Vocal voices like Raj Thackeray are demanding that the ethnic Maharashtrian card of the party be brought out with a vengeance but moderate voices like that of former Lok Sabha Speaker Manohar Joshi have cautioned against it because the North Indian votebank is critical in many seats.
The Maharashtrian population in the state has consistently migrated to other parts of the country and abroad. An assertive North Indian population has replaced it. Though the Sena leadership is aware that Joshi’s argument makes sense, yet playing the Maharashtrian card is important for the political survival of the Sena.
The Lok Sabha results indicate that Mee Mumbaikar and Shiv Shakti-Bhim Shakti (appeasement programme for Dalits) failed to secure votes in large numbers.
In this context, the central alliance entered into by the Congress with the BSP, SP, RPI, CPI and the NCP is crucial for Maharashtra. If replicated in the state, it will erode a substantial base of the saffron combine. The LS polls also proved that the BSP is a force to be reckoned with in Maharashtra; it made significant dents in traditional Congress pockets.
However Uddhav insists, ‘‘We will once again establish our supremacy.’’ Power by remote control is a Thackeray tradition here. But Sena men hastily explain it’s wrong to draw parallels between the flow of power from Matoshree and 10 Janpath. Balasaheb himself has never contested an election.

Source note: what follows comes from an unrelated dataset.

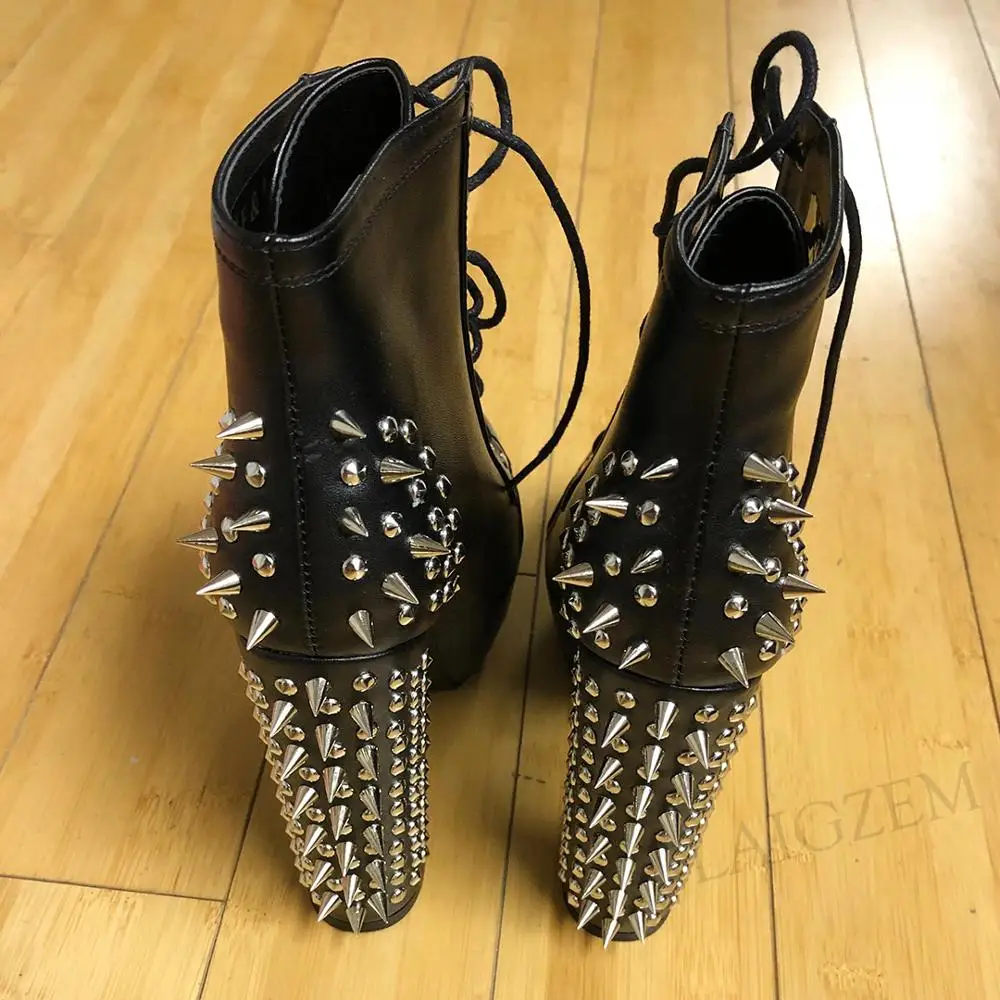 LAIGZEM Studded Women Ankle Platform Booties Chunky High Heels Punk Metal Decro Short Boots Shoes Woman Large Size 43 44 46 47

When news of Sonia’s step-down travelled to the NCP in Mumbai, they breathed a collective sigh of relief. They can now close doors on a sticky issue that has stalked the party since 1999 when Pawar broke away from the Congress on the issue of Sonia’s foreign origin.
The state BJP openly speculates that the NCP has ceased to exist. ‘‘Since Sonia as PM is a non-issue now, Pawar will join the Congress,’’ speculates BJP’s state spokesman and general secretary Vinod Tawde. However other analysts don’t consider it an immediate possibility. ‘‘Pawar will lose his bargaining power the moment he merges his party with Congress,’’ points out Nikhil Wagle, editor of Marathi eveninger Maha- nagar, who believes that the Sonia impact may be a lifeline for chief minister Sushil Kumar Shinde’s government to bounce back.